The first chapter in the book is by Chris Huebner, entitled “The Work of Inheritance: Reflections on Receiving John Howard Yoder.” This essay is a very helpful and readable introduction to Yoder’s mode of theological reflection, and specifically his understanding of “inheritance,” that is of faithfulness to “tradition” or “history.” Huebner notes that “Throughout his meandering engagements and conversations, we constantly find Yoder striving to articulate a posture with respect to history that does not reflect a possessive will to somehow manage and control it” (p. 20). According to Huebner:

[Yoder's] work is everywhere laced with notions of memory and hope, of historical discernment and openness to the surprises of the new. But these themes are not to be understood in a manner that suggests a simple or straightforward activity of repetition, of narrowly factual accuracy, or of what we might describe as archival sensibilities.

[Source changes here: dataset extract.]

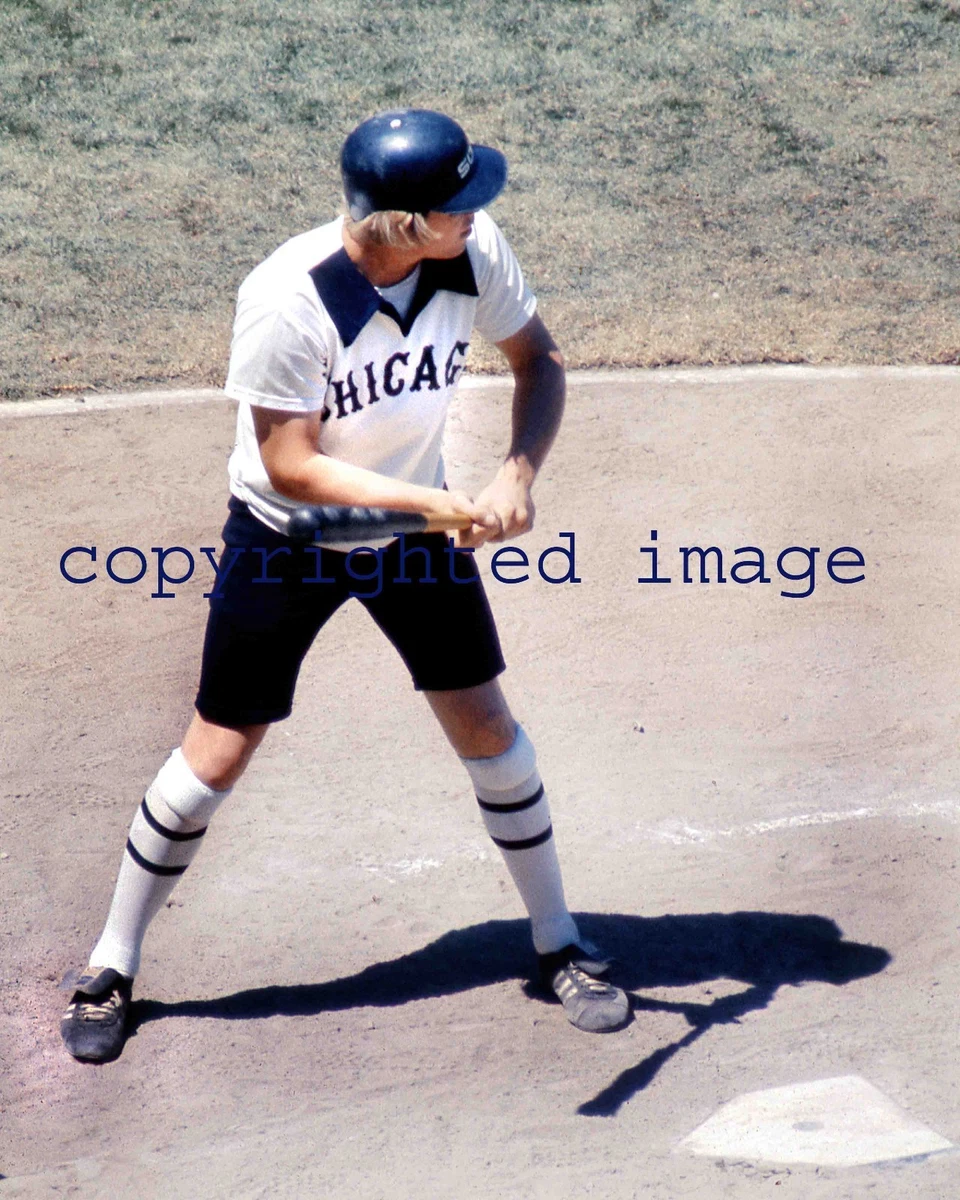 Kevin Bell 1977-81 White Sox Comiskey Park in shorts Color 8x10 A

Neither do they present a vision of hope that consists in the desire to realize some given end, as if the future somehow rests squarely on our shoulders. They reflect neither a primitivist or preservationist reification of the past, not a progressive construal of hope as a future goal to be achieved. Rather, we find in Yoder a vision of inheritance that is interruptive and radically transforms those who are in a position to receive it. Indeed, echoing Barth, he emphasizes that it is not so much we who remember, but rather that we are made a part of God’s memory, and in being so remembered have our very we-ness redefined. At the very least, the question of receiving an inheritance is, for Yoder, fare from straightforward. Inheritance names a kind of work, a life’s work of ongoing transformation in which the very identity of the one said to be doing the receiving is somehow part of whats at stake. (p. 21)

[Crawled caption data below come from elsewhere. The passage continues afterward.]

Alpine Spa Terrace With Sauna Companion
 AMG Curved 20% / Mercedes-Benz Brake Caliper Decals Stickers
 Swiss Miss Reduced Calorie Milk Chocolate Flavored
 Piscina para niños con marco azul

This is crucial to understanding what it means to appropriate tradition and history in the task of theology. For Yoder “inheriting a tradition is thus crucially not uni-directional. It does not consist in a linear gaze backward to the past, nor does it give rise to a clear and unambiguous path looking forward. Rather it involves a constant ‘looping back’ to the origins in light of unpredictable, often surprising encounters with other dialogue partners” (p. 23).

In conversation with Wittgenstein, Romand Coles, and Rowan Williams, Huebner hints at what this notion of “the work of inheritance” means both for theological approaches to tradition and history, and more specifically, for our own approach to the work of Yoder. What this involves then is not an attempt to systematize Yoder or get him “right.” Rather we ought to engage in the ongoing and open work of “looping back” to Yoder and inheriting his ad hoc and diasporic mode of theology in conversation with others. And as Huenber notes, this is a more fruitful and faithful way of engaging Yoder’s work, indeed the conversations into which we can bring Yoder often tend to be “more fruitful that some of Yoder’s own encounters with those same figures” (p. 25). This, importantly gives us a way to be both “for and against” Yoder as with think with him in vulnerable receptivity to other, often unexpected dialogue partners.